> Material provided:
--------------------

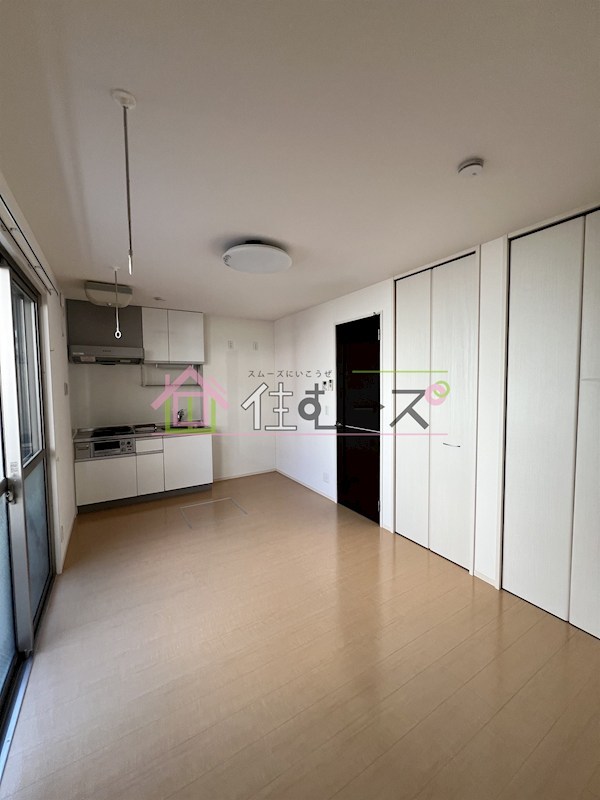 メゾン・プレミール リビング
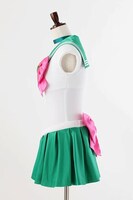 「美少女戦士セーラームーンCrystal オフィシャルコスチューム セーラージュピター コスプレ衣装」 (c)武内直子・PNP・講談社・東映アニメーション (c)Naoko Takeuchi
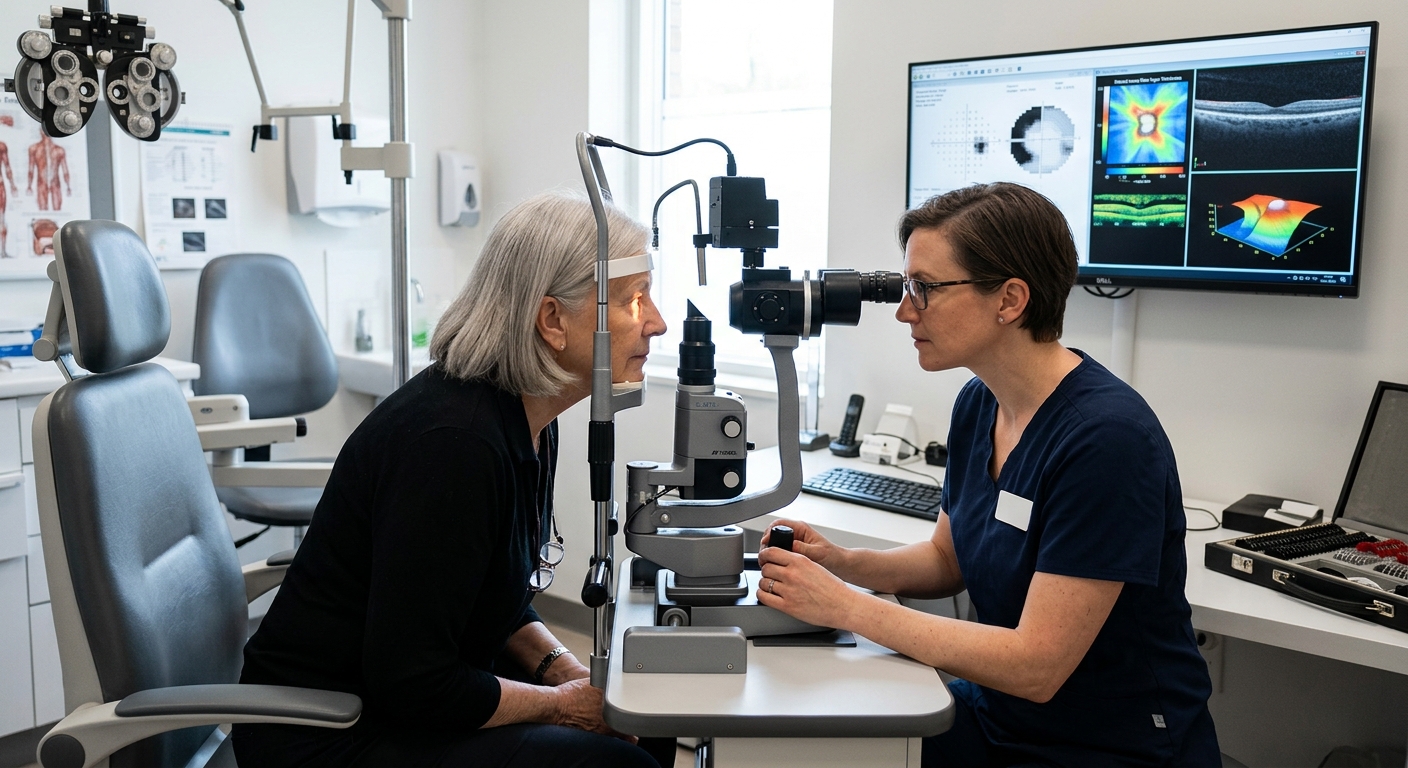 Glaucoma, Early Symptoms, Risk Factors, Diagnosis and Treatment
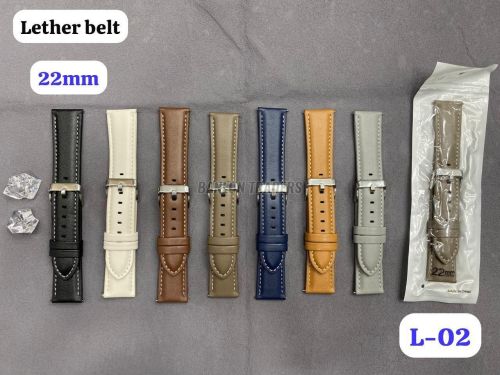 Smart Watch Leather Strap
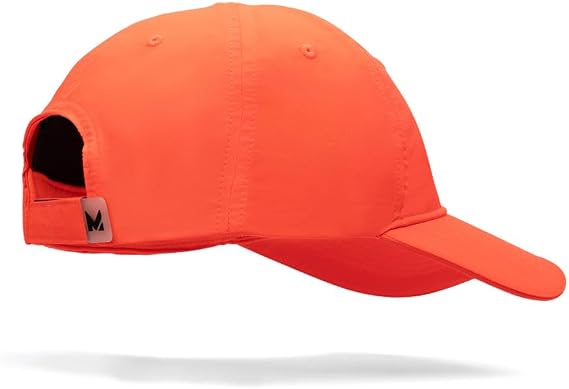 MISSION Cooling Performance Hat, Unstructured Low-Profile Adjustable Fit - UPF 50 - for Running, Workouts & Outdoors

--------------------

Your task is to repeat, word for word and with no picture, every line from the one that contains "Glaucoma, Early Symptoms, Risk" through the last line of the data.

> Written response:
 Glaucoma, Early Symptoms, Risk Factors, Diagnosis and Treatment
 Smart Watch Leather Strap
 MISSION Cooling Performance Hat, Unstructured Low-Profile Adjustable Fit - UPF 50 - for Running, Workouts & Outdoors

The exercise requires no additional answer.